■ Assigned task ■
Below are some records. Set down exactly the line holding "Venice Passport Holder | LOUENHIDE" and every later line through the end, omitting the pictures.

■ Records to use ■

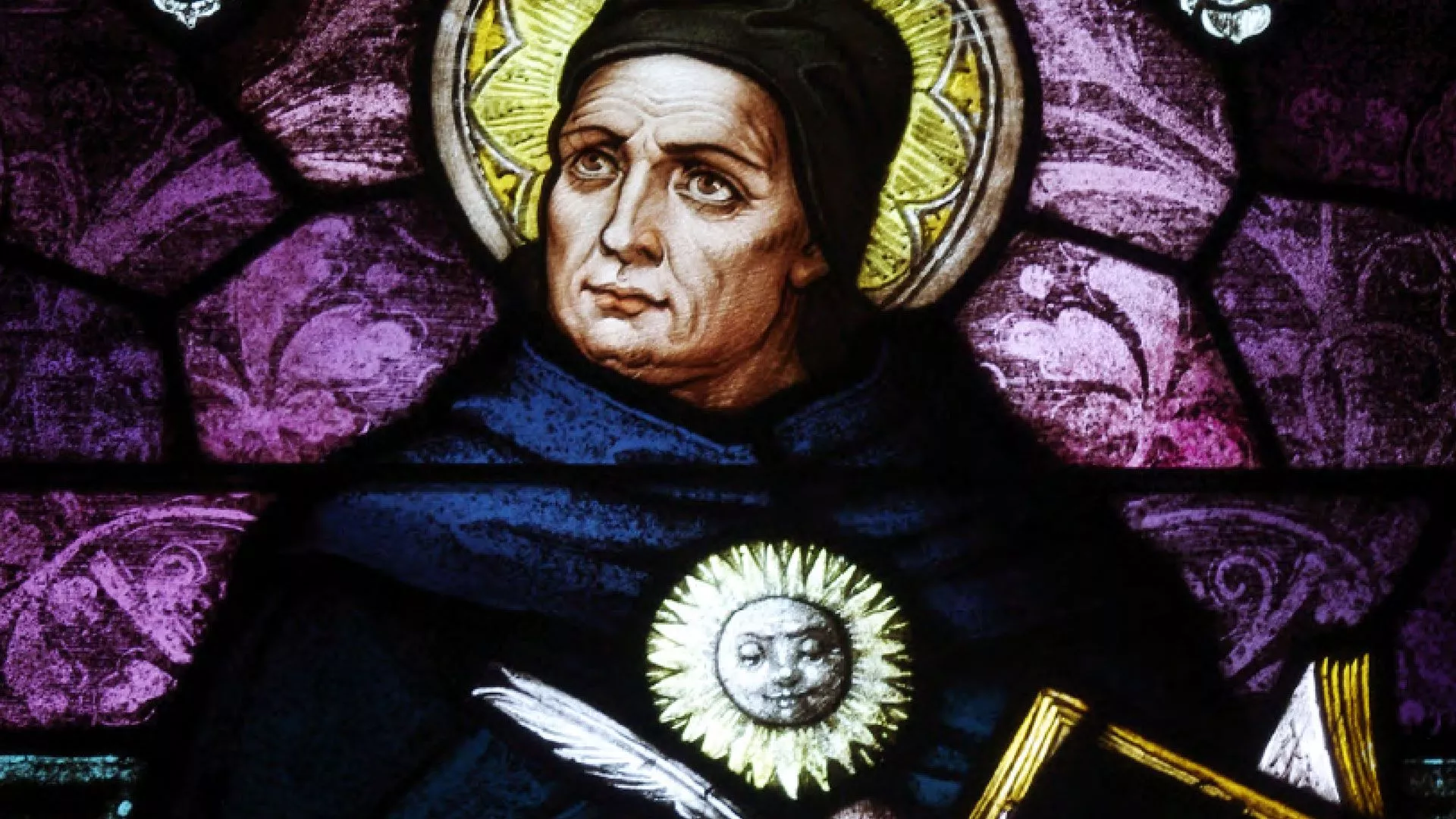 Biography: Thomas Aquinas: In the Light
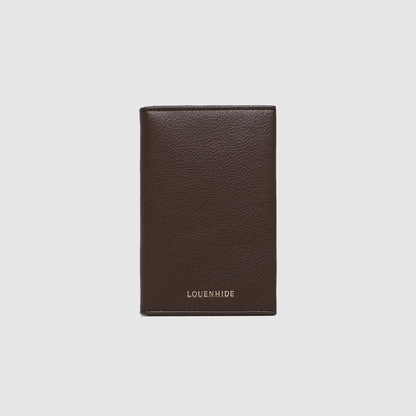 Venice Passport Holder | LOUENHIDE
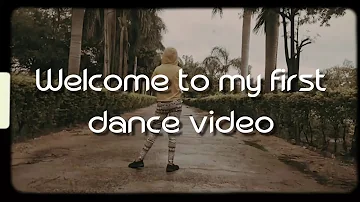 || Teri naar dance cover by Vani Patel // First Dance Video ||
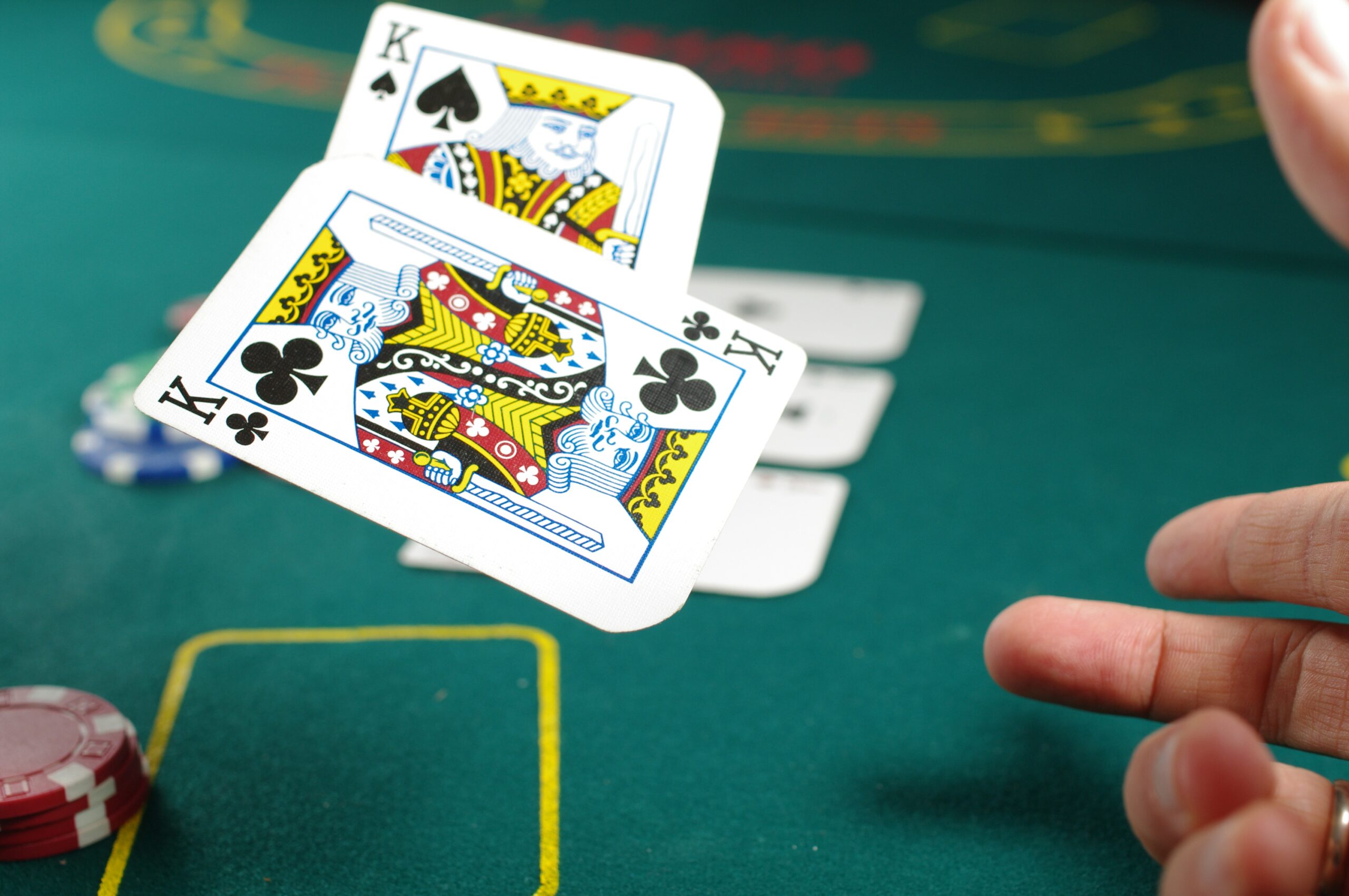 Diese goldenen Regeln sollten Poker-Anfänger beachten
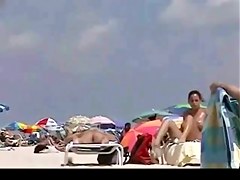 I Am A BeachVoyeuR 14 BVR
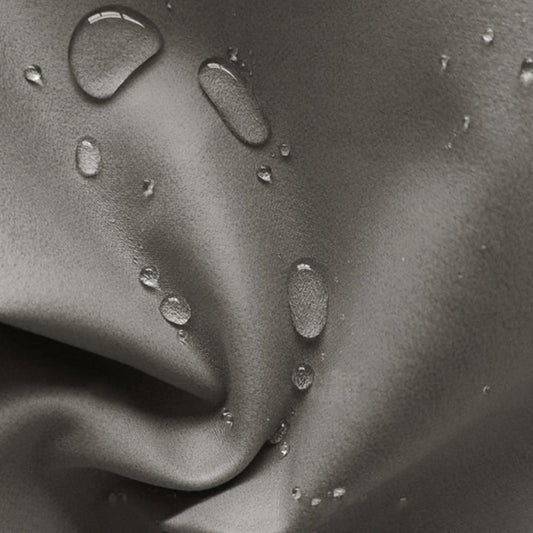 Stain Resistant Faux Leather Square Arm Sofa with Bolster Pillows for Living Room Clearhalo 'furn' 'furn_sectionals' 'Furniture' 'furniture_sectionals' 'kitchen' 'kitchen_sectionals' 'Living Room Furniture' 'Sectionals' 4773582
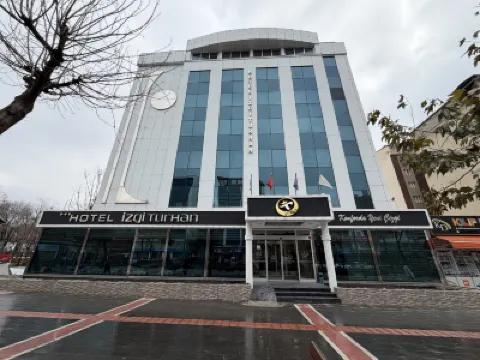 izgi turhan hotel Hotels in 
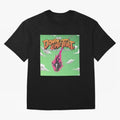 ksi Classic T-Shirt Discover FIFA World Cup 2026 Group Stage Spirit, Capturing Argentina and Brazil, Messi, CR7 and Mbappe, Football Festival Excitement, Trophy Ambitions, Country Rivalries and Star Player Buzz; Created for Match Day Parties,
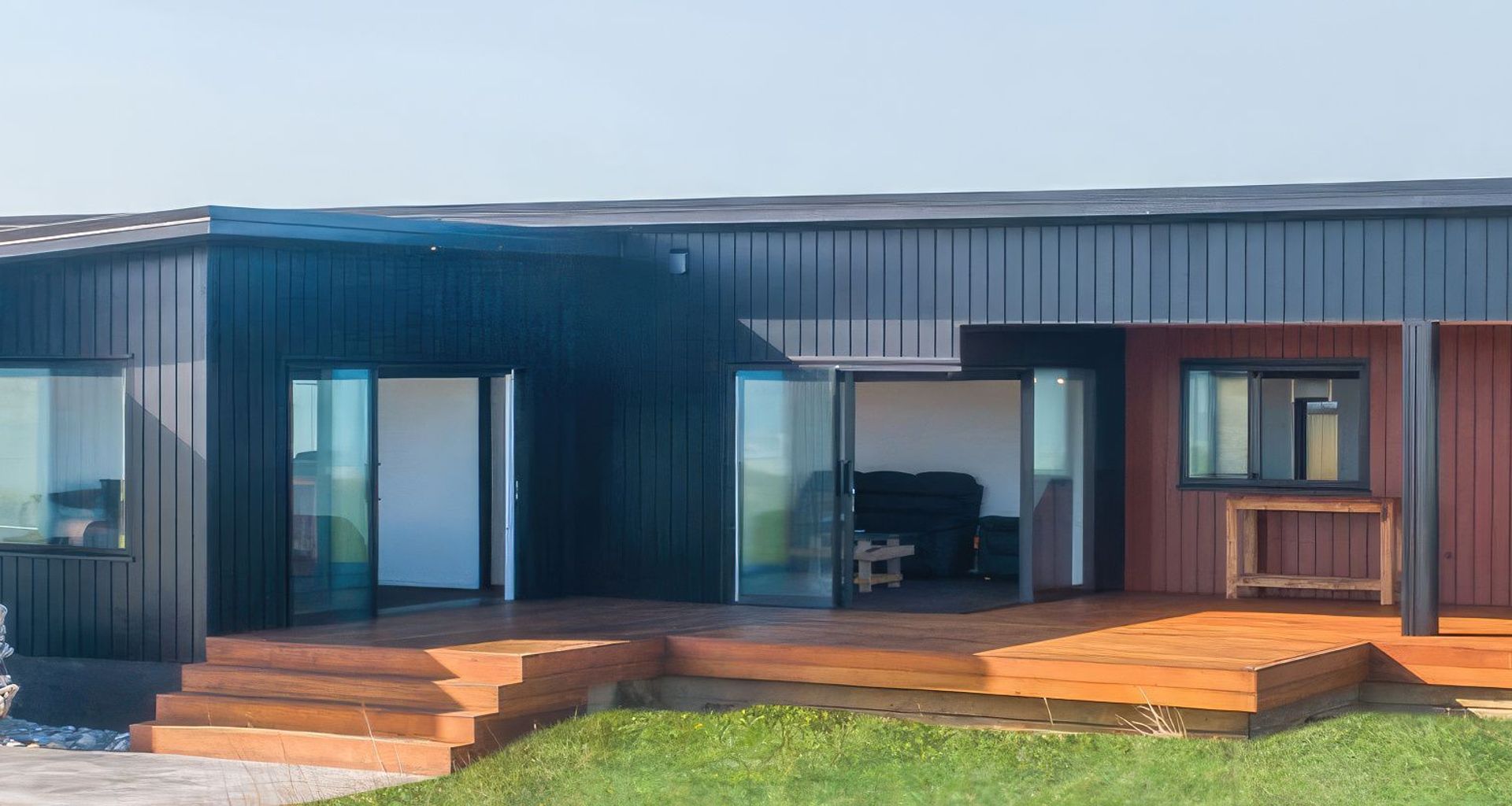 The Cliffs Residence banner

■ The completed task ■
 Venice Passport Holder | LOUENHIDE
 || Teri naar dance cover by Vani Patel // First Dance Video ||
 Diese goldenen Regeln sollten Poker-Anfänger beachten
 I Am A BeachVoyeuR 14 BVR
 Stain Resistant Faux Leather Square Arm Sofa with Bolster Pillows for Living Room Clearhalo 'furn' 'furn_sectionals' 'Furniture' 'furniture_sectionals' 'kitchen' 'kitchen_sectionals' 'Living Room Furniture' 'Sectionals' 4773582
 izgi turhan hotel Hotels in 
 ksi Classic T-Shirt Discover FIFA World Cup 2026 Group Stage Spirit, Capturing Argentina and Brazil, Messi, CR7 and Mbappe, Football Festival Excitement, Trophy Ambitions, Country Rivalries and Star Player Buzz; Created for Match Day Parties,
 The Cliffs Residence banner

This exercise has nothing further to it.